链接MyISAM文件

原文链接：http://www.mysqlperformanceblog.com/2012/11/19/concatenating-myisam-files/

（读完这篇文章，我很开心的笑了，原来MYSQL还能这么玩，作者你真牛逼，我服你了）

Recently, I found myself involved in the migration of a large read-only InnoDB database to MyISAM (eventually packed). The only issue was that for one of the table, we were talking of 5 TB of data, 23B rows. Not small… I calculated that with something like insert into MyISAM_table… select * from Innodb_table…would take about 10 days. The bottleneck was clearly the lack of concurrency on the read part from InnoDB and then the key management for MyISAM. The server has many dozen drives so it was easy to add more concurrency so I kicked off, from a script, insertions into 16 identical MyISAM files for distinct parts of the table. That was much faster and would complete within a day.

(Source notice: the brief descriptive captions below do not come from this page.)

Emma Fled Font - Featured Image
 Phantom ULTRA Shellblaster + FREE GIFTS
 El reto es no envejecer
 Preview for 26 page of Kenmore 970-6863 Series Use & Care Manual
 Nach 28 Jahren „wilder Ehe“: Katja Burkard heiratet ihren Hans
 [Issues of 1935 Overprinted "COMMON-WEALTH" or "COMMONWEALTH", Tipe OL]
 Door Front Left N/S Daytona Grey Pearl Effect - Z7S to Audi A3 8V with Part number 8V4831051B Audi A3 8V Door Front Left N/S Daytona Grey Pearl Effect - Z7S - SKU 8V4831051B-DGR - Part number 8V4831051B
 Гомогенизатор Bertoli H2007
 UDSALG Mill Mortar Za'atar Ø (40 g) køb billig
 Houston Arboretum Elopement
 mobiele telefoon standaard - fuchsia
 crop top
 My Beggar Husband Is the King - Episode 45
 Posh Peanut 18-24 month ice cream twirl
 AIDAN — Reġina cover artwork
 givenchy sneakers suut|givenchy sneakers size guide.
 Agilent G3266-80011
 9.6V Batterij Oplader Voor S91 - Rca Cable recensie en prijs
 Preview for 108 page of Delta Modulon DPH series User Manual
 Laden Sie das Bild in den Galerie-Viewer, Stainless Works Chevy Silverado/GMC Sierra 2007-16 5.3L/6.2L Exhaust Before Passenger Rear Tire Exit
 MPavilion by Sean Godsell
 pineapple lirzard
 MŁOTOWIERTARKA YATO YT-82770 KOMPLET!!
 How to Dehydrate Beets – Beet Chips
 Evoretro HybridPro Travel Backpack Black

最近我在参与一个把很大只读的INNODB数据库迁移到MYISAM的工作。发现的唯一问题是其中的一个表有5T的数据，23亿行。真不小。。。我算了一下，如果用insert into MyISAM_table… select * from Innodb_table…这样的方法将花费10天。明显的瓶颈就是在INNODB这边的读不是并发的，然后就是在MYISAM那边的索引维护。这个服务器有很多的磁盘，所以很容易增加更多的并发。通过一个脚本，把数据的不同部分写入到16个相同结构的MYISAM表。这快了非常多，可以在一天内完成。

Then, while the Innodb extraction was running at a nice pace, I thought about the next phase. My first idea was simply to do insert into MyISAM_table select * from MyISAM_table1 and so on for the 16 files. Since MyISAM are flat files, that should be faster, especially with the keys disabled. At that point, I remembered, from a previous disaster recovery work where a database directory has been wiped out that the MyISAM files have no headers which make them difficult (read almost impossible) to locate on a drive with tools like ext3grep. No headers… that means the first byte of byte of a file is the first byte of the first row… So we should be able to concatenate these files. Let’s see.

INNODB数据提取的速度挺不错的，我考虑一下一步该怎么做。我最初的想法简单的对16个文件做insert into MyISAM_table select * from MyISAM_table1操作。因为MYISAM是堆文件，这个操作应该比较快，尤其是在关闭索引的情况下。（后面一截没看懂，为什么没有文件头啥的？重点看怎么样连接MYD文件吧）

mysql> create table test_concat(id int unsigned not null, primary key (id)) engine=myisam;
 Query OK, 0 rows affected (0.01 sec)
 
mysql> create table test_concat_part like test_concat;
 Query OK, 0 rows affected (0.01 sec)
 
mysql> insert into test_concat (id) value (1),(2),(3);
 Query OK, 3 rows affected (0.00 sec)
 Records: 3 Duplicates: 0 Warnings: 0
 
mysql> insert into test_concat_part (id) value (4),(5),(6);
 Query OK, 3 rows affected (0.00 sec)
 Records: 3 Duplicates: 0 Warnings: 0
 
mysql> flush tables;
 Query OK, 0 rows affected (0.01 sec)

Then, at the shell command line:

root@django:/var/lib/mysql/test# ls
 test_concat.frm test_concat.MYD test_concat.MYI test_concat_part.frm test_concat_part.MYD test_concat_part.MYI
 root@django:/var/lib/mysql/test#
 root@django:/var/lib/mysql/test# cat test_concat_part.MYD >> test_concat.MYD
 root@django:/var/lib/mysql/test# myisamchk -rq test_concat
 - check record delete-chain
 - recovering (with sort) MyISAM-table 'test_concat'
 Data records: 3
 - Fixing index 1
 Data records: 6

And then, back in mysql:

mysql> use test
 Database changed
 mysql> flush tables;
 Query OK, 0 rows affected (0.00 sec)
 
mysql> select * from test_concat;
 +----+
 | id |
 +----+
 | 1 |
 | 2 |
 | 3 |
 | 4 |
 | 5 |
 | 6 |
 +----+
 6 rows in set (0.00 sec)

So, yes, you can concatenate MyISAM files, even when multiple keys are defined. Not for everyday use but still pretty cool.

呵呵，你能链接MYISAM文件，即使定义了多个索引时，也是可以链接的。不太会每天用到，但是还是很酷的，对吧？